(Captioned web image data)

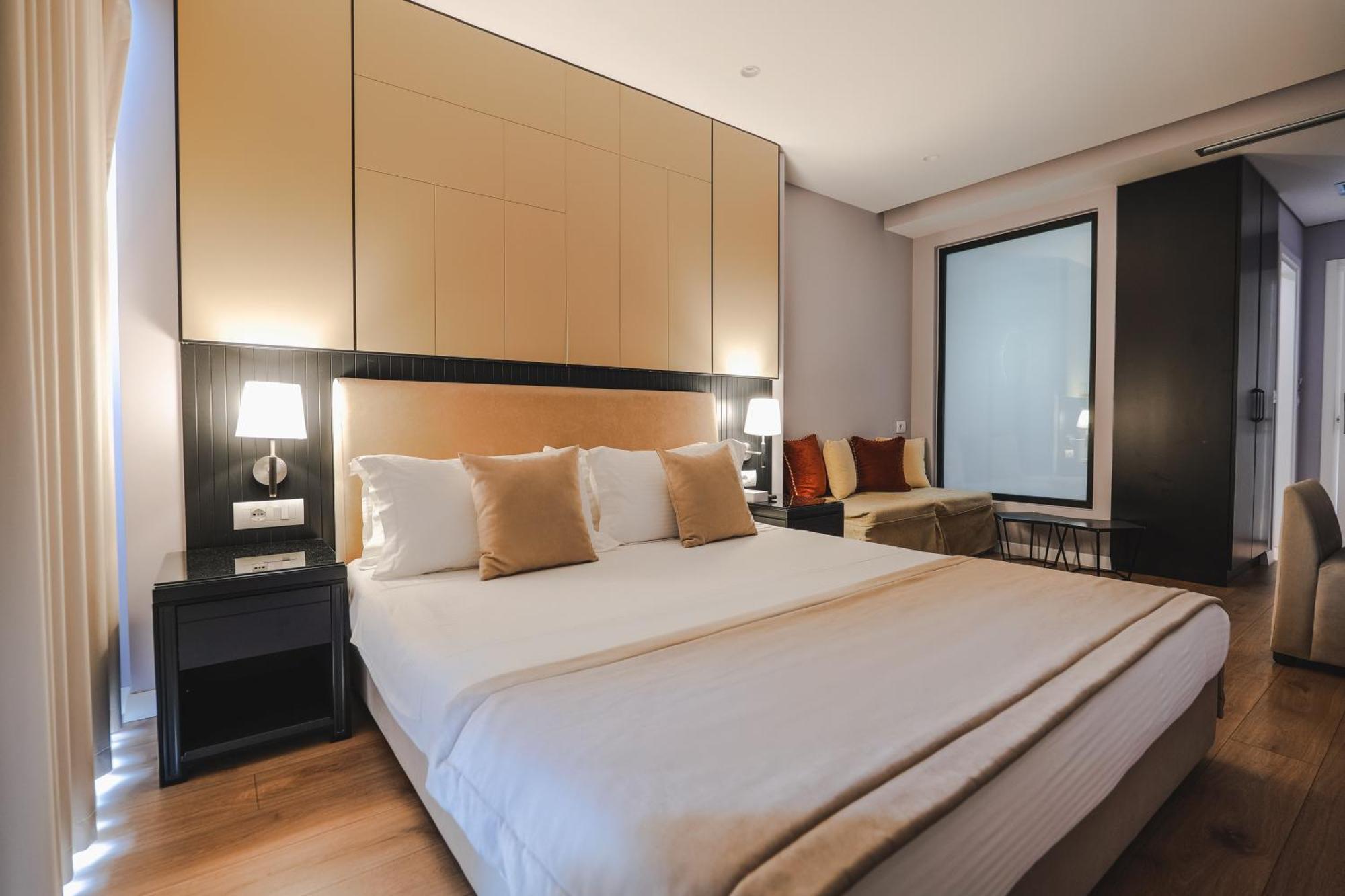 Hotel Oasis Sarandë エクステリア 写真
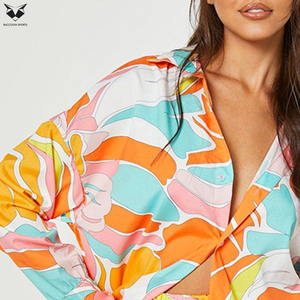 Conjunto de 2 piezas de pantalones cortos de satén para mujer, estampado floral, cuello en V, manga larga, ajuste holgado, ropa informal de primavera y verano, conjunto de camisa y pantalones cortos para mujer - Product Image 6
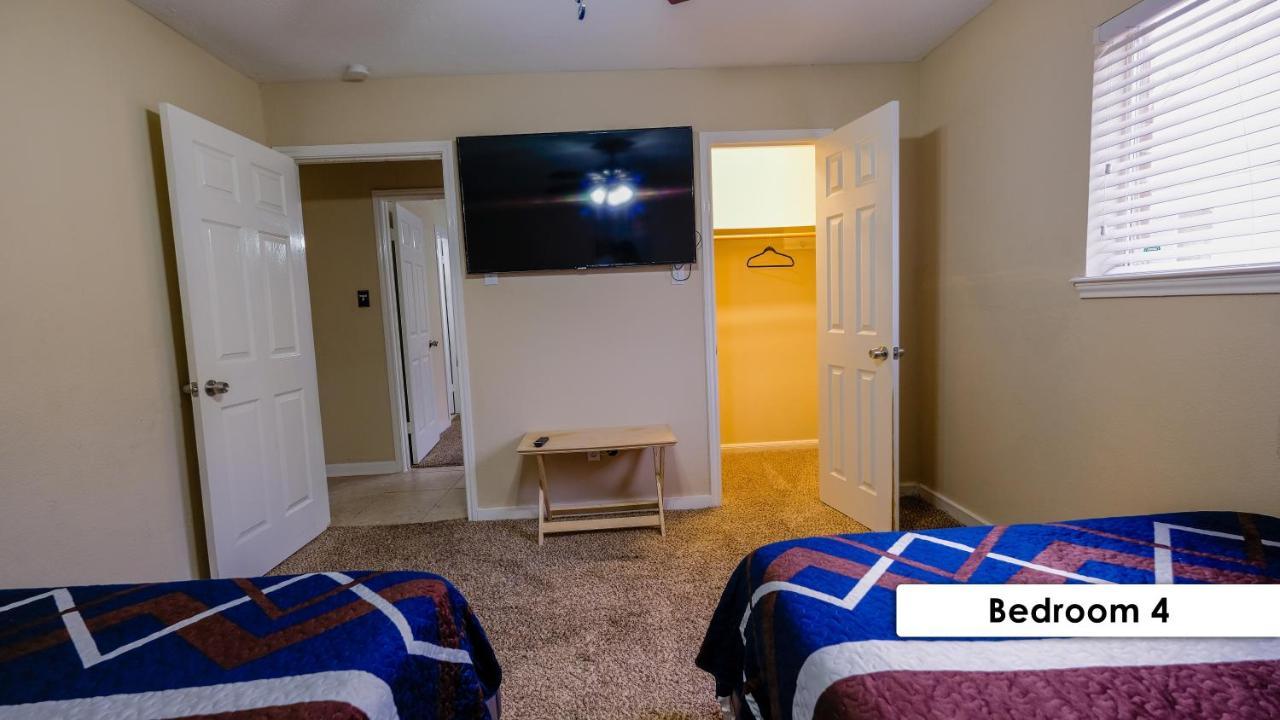 Villa Pool House, 20 Minutes From Dt 4Bdr For 10 Guests - Winkleman à Houston Extérieur photo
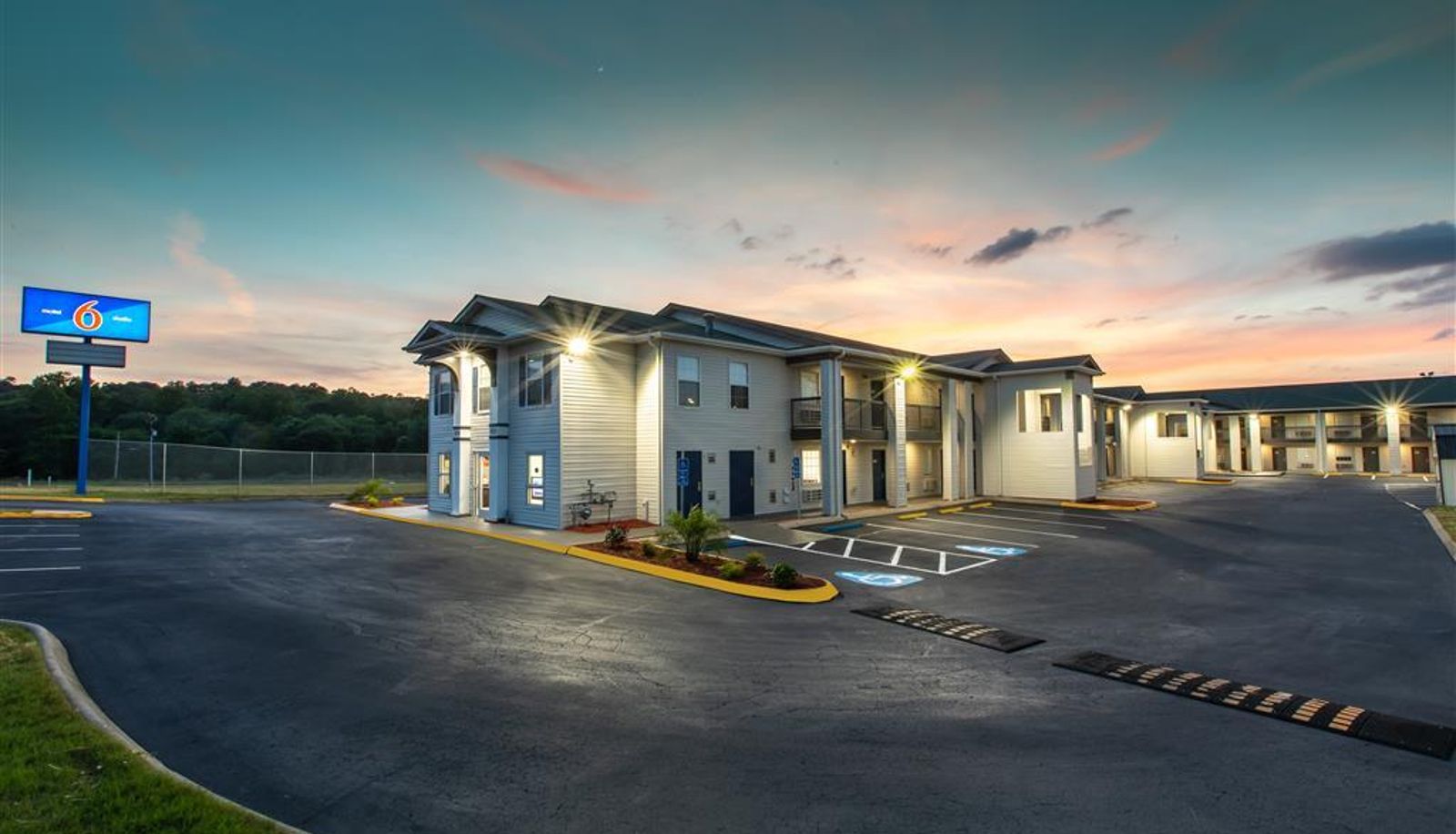 Exterior view - Studio 6 Greenville SC SC I85 near Downtown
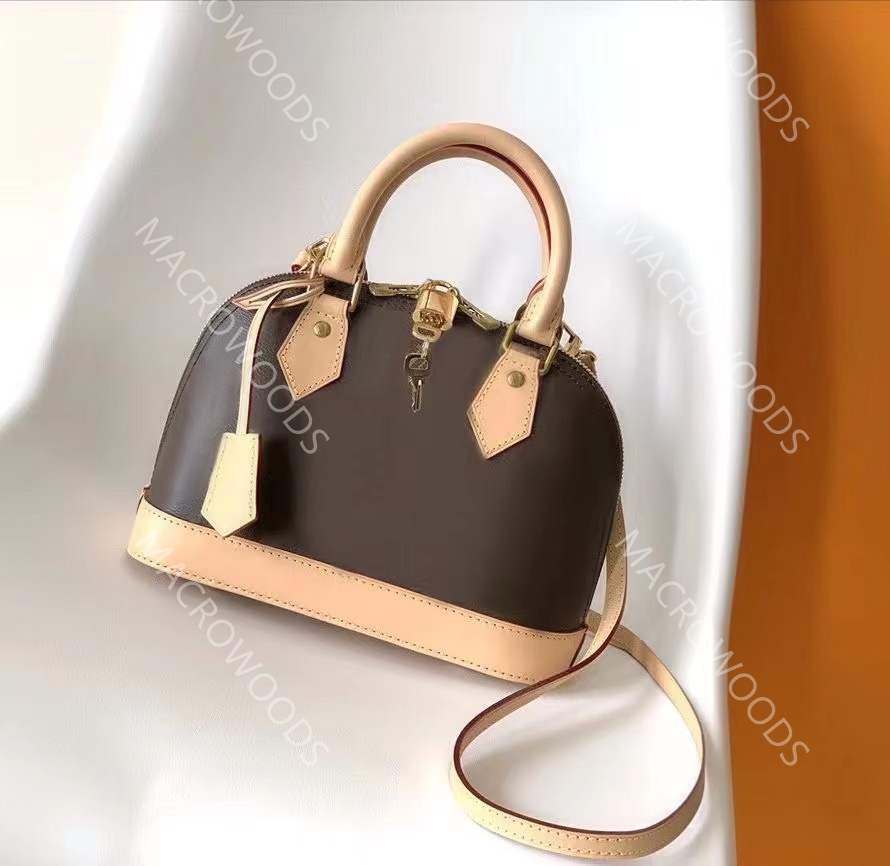 ALMA BB shell bag luxury handbag crossbody bags designer shoulder bags women fashion satchel leather messenger bag Double zip closure Padlock Inside flat pocket, Extra shipping(not for sale)
ALMA BB shell bag luxury handbag crossbody bags designer shoulder bags women fashion satchel leather messenger bag Double zip closure Padlock Inside flat pocket, Extra shipping(not for sale)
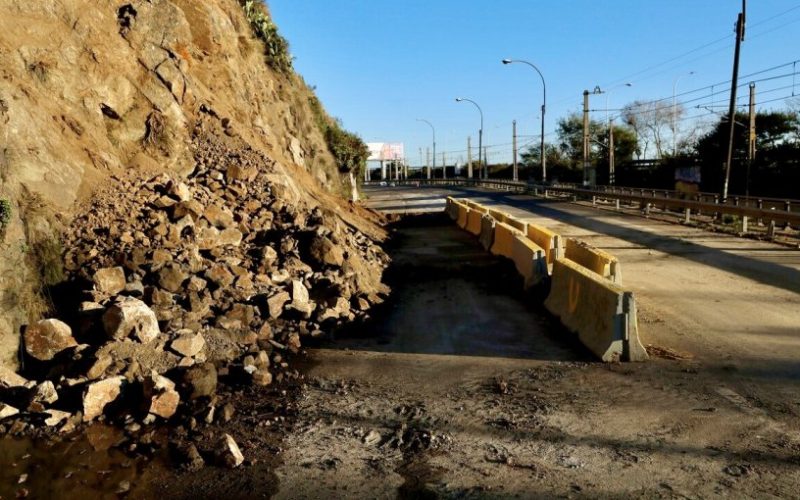 Gobierno activa coordinaciones y monitorea sectores críticos ante posibles remociones en masa en la región de Valparaíso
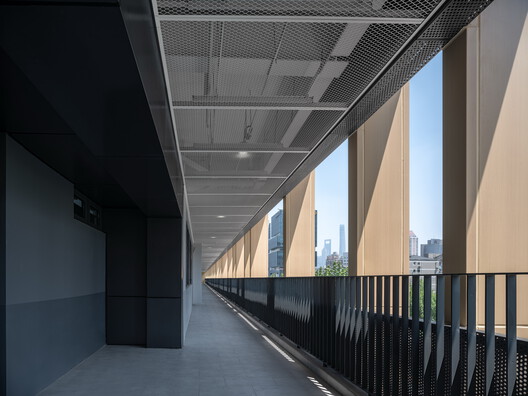Shanghai Qiyuan Experimental Primary School / Atelier Archmixing - Image 10 of 23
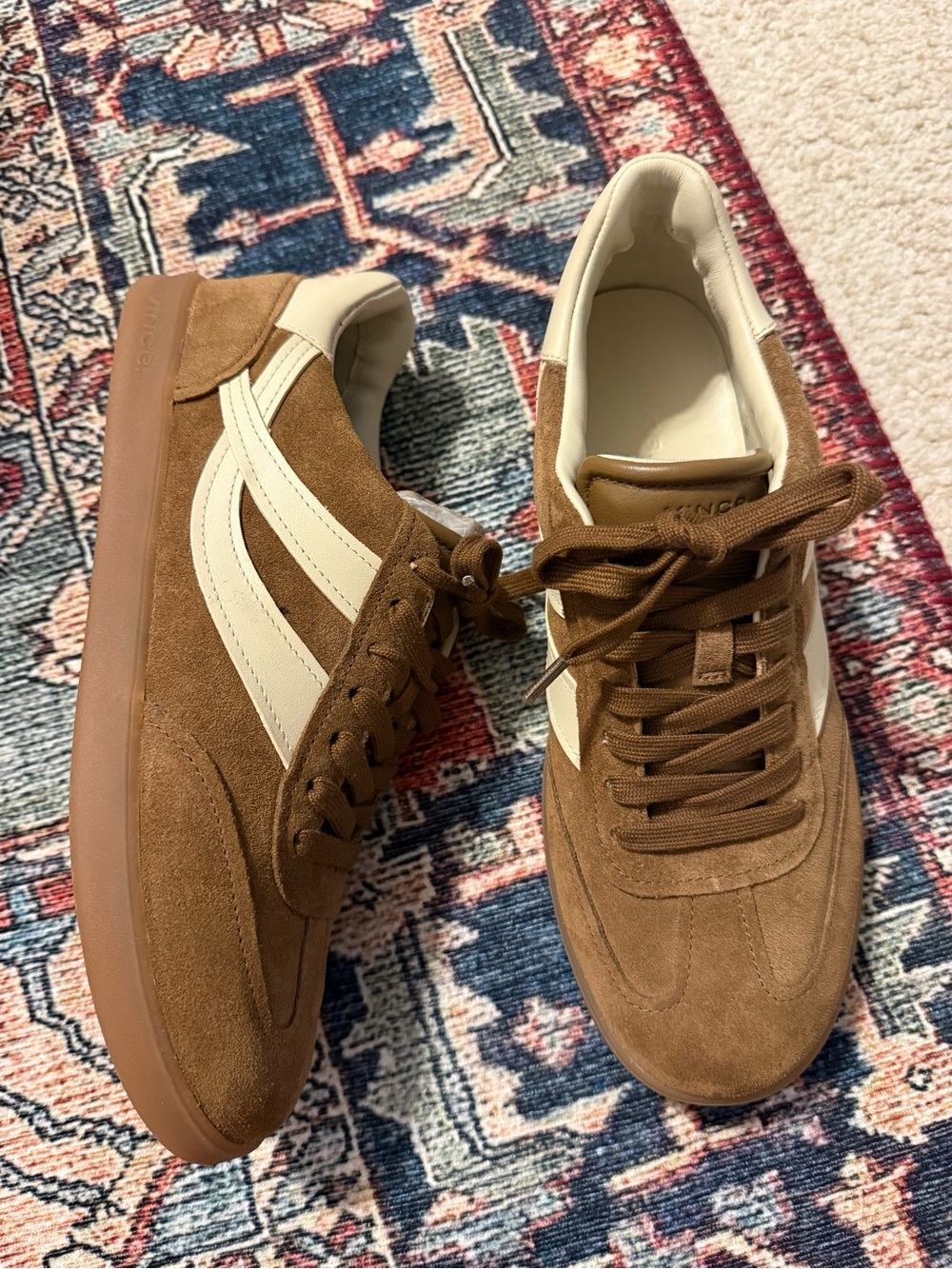 Vince Oasis Sneakers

## WHAT IS NEEDED
The reply should hold the entries above from the line with "Conjunto de 2" to the line with "Exterior view - Studio", duplicated exactly, pictures excluded.

## EXERCISE SOLUTION
 Conjunto de 2 piezas de pantalones cortos de satén para mujer, estampado floral, cuello en V, manga larga, ajuste holgado, ropa informal de primavera y verano, conjunto de camisa y pantalones cortos para mujer - Product Image 6
 Villa Pool House, 20 Minutes From Dt 4Bdr For 10 Guests - Winkleman à Houston Extérieur photo
 Exterior view - Studio 6 Greenville SC SC I85 near Downtown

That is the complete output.